Insured not credible about medical condition and employment.

January 16, 2016, Kitchener, Ontario

Posted by: Robert Deutschmann, Personal Injury Lawyer

Heard Before: Adjudicator Richard Feldman

Date of Decision: May 7, 2015

 

Danny Basson was in a car accident on April 26, 2011.  He was a seat-belted, driver-side, rear-seat passenger in a car that was struck by another car on the front passenger side. He testified that parts of his body struck the door to his left, and he was shaken and waited inside the vehicle.  He took a taxi home from the scene of the accident and then sought medical attention a few days later (the records disclose that he attended a medical clinic on April 30, 2011).  He then visited Mackenzie Medical Rehabilitation Centre on May 2, 2011 where he was assessed and received treatment from May through September 2011, 2-3 times a week then gradually decreasing. Mr. Basson testified that this treatment helped a little, but not much.

 

He applied for statutory accident benefits from Royal & SunAlliance but when disputes arose concerning his entitlement to certain accident benefits he applied for arbitration at the FSCO.

 

The issues in this hearing are:

 

  1. Is Mr.

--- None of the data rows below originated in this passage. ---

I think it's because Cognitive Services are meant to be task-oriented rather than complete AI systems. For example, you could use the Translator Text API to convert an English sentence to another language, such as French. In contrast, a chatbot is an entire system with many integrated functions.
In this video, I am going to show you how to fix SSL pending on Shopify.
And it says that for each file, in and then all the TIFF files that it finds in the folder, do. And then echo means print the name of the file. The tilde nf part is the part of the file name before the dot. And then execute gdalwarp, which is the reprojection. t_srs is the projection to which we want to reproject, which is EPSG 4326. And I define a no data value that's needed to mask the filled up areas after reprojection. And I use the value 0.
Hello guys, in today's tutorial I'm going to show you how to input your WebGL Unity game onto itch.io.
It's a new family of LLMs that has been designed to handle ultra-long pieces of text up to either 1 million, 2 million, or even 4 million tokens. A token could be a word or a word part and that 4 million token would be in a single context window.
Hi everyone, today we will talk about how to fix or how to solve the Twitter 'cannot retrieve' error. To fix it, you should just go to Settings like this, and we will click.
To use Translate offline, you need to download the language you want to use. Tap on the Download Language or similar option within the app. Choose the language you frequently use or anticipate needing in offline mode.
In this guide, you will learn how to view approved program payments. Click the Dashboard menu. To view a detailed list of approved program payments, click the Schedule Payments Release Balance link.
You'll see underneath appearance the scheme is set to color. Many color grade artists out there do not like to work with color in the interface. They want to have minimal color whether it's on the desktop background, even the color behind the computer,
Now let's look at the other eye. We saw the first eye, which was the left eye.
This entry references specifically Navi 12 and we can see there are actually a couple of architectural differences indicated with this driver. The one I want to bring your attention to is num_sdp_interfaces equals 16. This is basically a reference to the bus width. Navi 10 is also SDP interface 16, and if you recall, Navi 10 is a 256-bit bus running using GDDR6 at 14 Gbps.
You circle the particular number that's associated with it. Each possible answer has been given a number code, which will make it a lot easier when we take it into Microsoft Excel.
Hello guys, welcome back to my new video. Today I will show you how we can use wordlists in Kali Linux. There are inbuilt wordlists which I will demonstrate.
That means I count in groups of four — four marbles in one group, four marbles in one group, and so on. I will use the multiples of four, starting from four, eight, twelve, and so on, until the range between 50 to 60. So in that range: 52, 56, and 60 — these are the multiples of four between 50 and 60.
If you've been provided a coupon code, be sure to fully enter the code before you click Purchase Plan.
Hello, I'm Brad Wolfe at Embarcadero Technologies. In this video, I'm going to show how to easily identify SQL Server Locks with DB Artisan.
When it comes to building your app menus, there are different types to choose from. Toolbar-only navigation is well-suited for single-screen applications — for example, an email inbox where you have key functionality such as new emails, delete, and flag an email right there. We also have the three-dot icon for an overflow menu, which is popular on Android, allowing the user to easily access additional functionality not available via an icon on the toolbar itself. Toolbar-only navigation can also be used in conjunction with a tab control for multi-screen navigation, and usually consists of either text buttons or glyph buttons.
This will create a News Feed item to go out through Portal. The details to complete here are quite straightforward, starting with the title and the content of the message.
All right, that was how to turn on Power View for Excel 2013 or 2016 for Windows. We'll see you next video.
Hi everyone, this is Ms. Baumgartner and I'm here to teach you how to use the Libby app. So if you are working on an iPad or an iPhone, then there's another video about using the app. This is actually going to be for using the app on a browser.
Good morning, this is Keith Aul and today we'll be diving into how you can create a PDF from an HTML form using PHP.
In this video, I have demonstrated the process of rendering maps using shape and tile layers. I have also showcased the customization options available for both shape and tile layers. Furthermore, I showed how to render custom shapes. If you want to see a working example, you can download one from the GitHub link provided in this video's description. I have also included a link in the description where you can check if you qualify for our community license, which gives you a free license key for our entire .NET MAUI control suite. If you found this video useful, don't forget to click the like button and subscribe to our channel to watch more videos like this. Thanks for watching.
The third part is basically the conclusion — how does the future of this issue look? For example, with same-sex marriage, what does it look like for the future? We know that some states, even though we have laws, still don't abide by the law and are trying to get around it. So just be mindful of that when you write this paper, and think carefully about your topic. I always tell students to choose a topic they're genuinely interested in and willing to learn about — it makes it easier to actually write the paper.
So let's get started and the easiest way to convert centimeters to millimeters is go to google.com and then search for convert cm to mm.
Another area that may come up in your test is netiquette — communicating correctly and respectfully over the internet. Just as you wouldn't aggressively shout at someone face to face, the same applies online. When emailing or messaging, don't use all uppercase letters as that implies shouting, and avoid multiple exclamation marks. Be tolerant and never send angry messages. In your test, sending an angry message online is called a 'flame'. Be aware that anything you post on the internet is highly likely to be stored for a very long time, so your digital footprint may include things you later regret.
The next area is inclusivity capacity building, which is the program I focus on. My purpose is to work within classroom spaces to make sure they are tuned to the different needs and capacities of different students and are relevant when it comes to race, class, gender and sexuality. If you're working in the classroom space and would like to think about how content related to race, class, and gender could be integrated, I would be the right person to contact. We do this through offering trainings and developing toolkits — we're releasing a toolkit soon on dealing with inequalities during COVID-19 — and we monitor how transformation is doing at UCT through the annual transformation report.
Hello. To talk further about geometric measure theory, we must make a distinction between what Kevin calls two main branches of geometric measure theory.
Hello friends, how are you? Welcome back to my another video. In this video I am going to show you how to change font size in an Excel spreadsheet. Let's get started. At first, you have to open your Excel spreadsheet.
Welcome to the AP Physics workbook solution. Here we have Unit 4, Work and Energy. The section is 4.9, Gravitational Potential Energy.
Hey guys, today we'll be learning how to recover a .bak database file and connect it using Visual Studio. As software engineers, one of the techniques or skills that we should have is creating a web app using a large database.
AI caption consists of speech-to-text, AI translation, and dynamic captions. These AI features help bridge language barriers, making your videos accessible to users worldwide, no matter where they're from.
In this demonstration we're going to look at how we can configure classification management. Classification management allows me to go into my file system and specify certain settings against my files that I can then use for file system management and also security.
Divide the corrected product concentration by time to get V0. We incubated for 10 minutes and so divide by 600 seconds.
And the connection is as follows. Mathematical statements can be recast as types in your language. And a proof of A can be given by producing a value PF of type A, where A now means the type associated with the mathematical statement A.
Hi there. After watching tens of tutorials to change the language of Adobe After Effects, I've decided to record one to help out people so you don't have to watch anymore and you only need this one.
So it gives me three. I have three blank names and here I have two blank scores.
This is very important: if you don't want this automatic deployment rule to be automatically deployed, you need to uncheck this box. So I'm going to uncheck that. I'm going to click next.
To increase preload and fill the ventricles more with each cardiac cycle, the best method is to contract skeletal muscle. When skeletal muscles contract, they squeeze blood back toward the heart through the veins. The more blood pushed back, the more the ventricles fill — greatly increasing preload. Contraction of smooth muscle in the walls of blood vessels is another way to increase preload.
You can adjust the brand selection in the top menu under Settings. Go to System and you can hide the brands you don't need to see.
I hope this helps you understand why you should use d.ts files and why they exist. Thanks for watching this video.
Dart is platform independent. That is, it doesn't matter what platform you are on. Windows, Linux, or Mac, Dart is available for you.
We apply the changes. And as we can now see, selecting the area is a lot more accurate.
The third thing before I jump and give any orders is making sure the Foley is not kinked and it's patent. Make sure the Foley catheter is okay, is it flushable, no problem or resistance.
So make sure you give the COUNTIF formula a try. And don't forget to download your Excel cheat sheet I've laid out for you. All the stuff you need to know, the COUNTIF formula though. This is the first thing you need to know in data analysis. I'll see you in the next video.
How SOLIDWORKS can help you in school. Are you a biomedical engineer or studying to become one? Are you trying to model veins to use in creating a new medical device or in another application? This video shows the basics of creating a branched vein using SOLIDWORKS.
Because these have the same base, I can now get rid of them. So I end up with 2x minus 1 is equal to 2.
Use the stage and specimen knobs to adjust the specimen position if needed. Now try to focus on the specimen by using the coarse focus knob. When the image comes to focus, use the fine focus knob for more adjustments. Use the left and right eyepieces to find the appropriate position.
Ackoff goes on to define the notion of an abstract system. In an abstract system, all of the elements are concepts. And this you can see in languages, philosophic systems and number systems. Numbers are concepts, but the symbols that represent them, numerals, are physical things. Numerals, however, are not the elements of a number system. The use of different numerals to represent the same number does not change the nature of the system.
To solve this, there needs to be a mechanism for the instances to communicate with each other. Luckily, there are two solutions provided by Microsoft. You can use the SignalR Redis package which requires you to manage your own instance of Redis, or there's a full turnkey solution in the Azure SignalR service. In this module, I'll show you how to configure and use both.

Basson entitled to receive a medical benefit in the total amount of $4,785.35 for services provided by Mackenzie Medical between May 2, 2011 and May 28, 2012?

  2. Is Mr. Basson entitled to receive weekly income replacement benefits (“IRBs”) from May 2, 2011 onwards (less amounts paid by Royal) and, if so, at what weekly rate?

  3. Is Mr. Basson entitled to interest for the overdue payment of benefits pursuant to section 46(2) of the Schedule?

  4. Is Royal and SunAlliance liable to pay a special award because it unreasonably withheld or delayed payments to Mr. Basson?

  5. Is Mr. Basson liable to pay Royal and SunAlliance’s expenses in respect of the arbitration under subsection 282(11) of the Insurance Act?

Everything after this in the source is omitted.